### PROBLEM TO SOLVE
Repeat the data below in full. Pictures must not be part of the copy.

### INFORMATION SHOWN

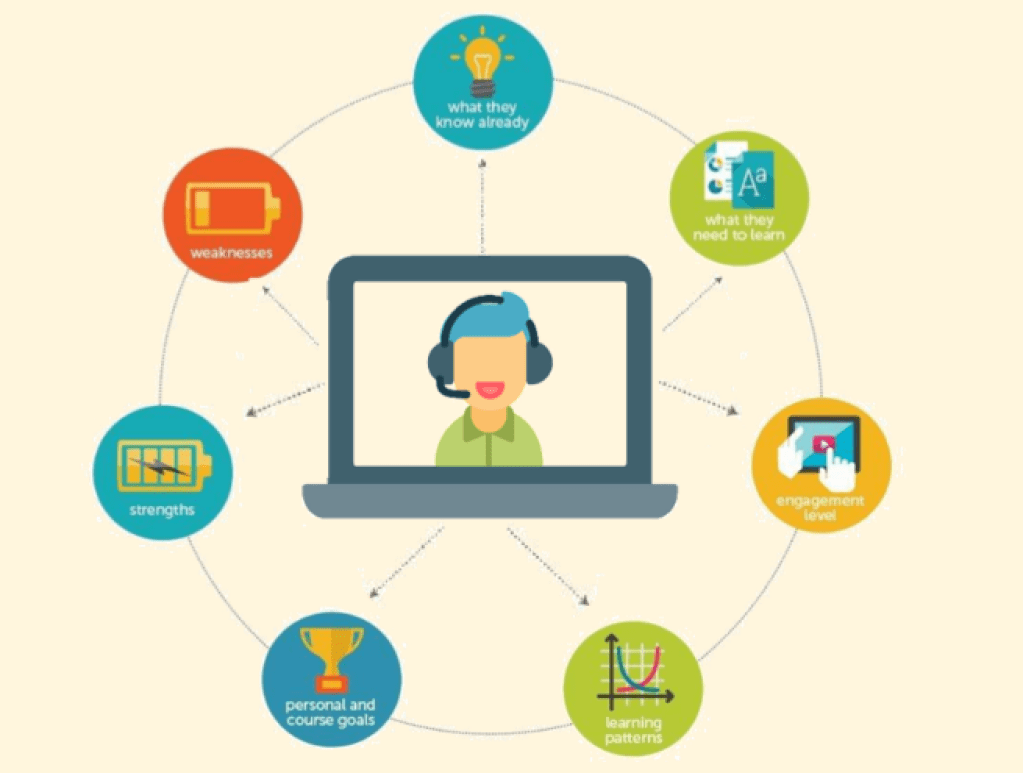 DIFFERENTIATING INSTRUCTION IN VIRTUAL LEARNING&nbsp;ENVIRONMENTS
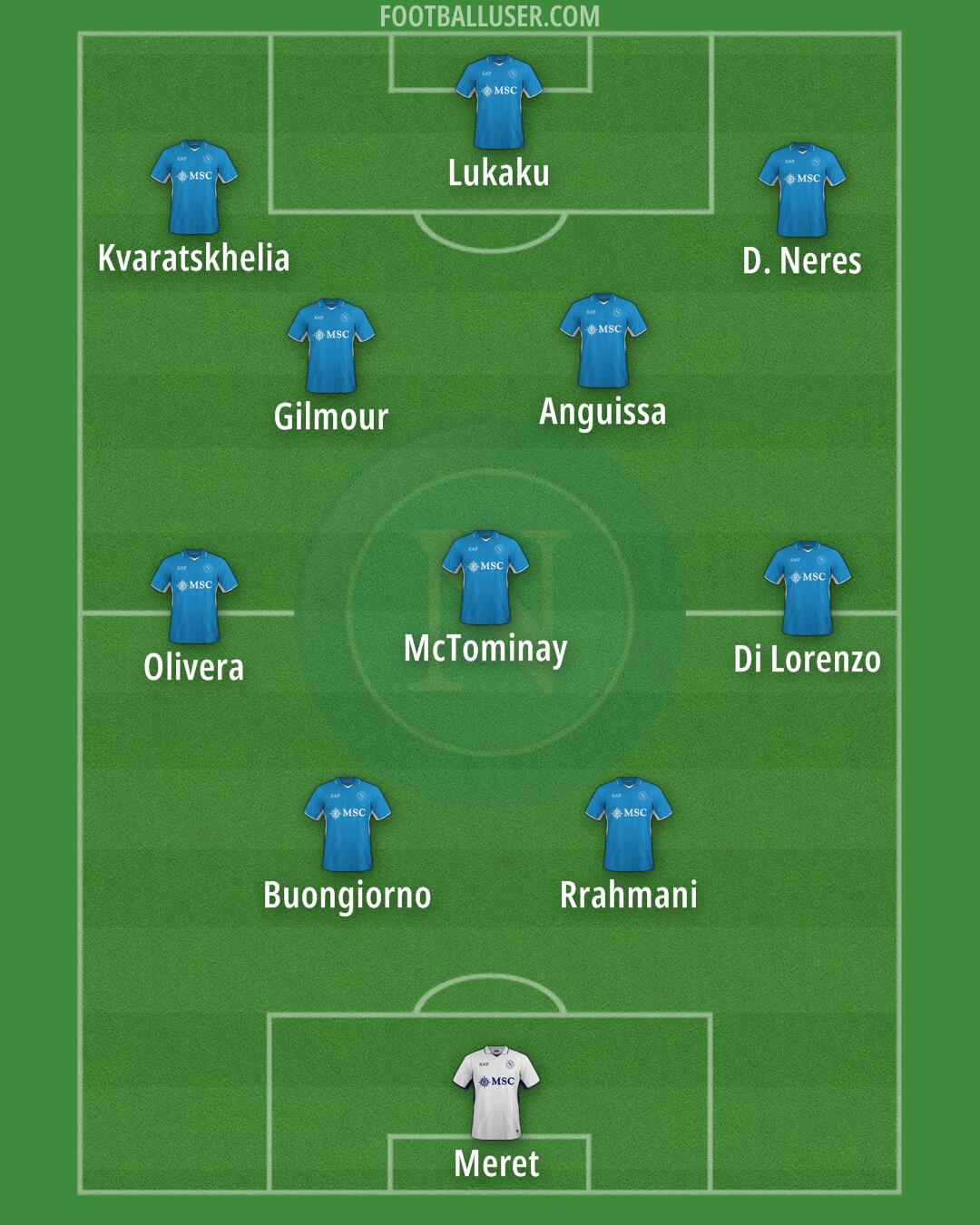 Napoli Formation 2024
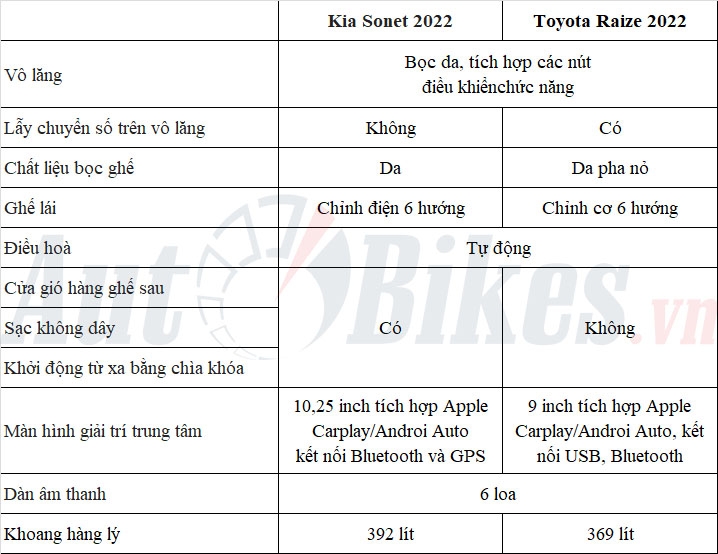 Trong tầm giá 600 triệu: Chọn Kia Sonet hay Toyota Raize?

### SOLUTION FOR THIS EXERCISE
 DIFFERENTIATING INSTRUCTION IN VIRTUAL LEARNING&nbsp;ENVIRONMENTS
 Napoli Formation 2024
 Trong tầm giá 600 triệu: Chọn Kia Sonet hay Toyota Raize?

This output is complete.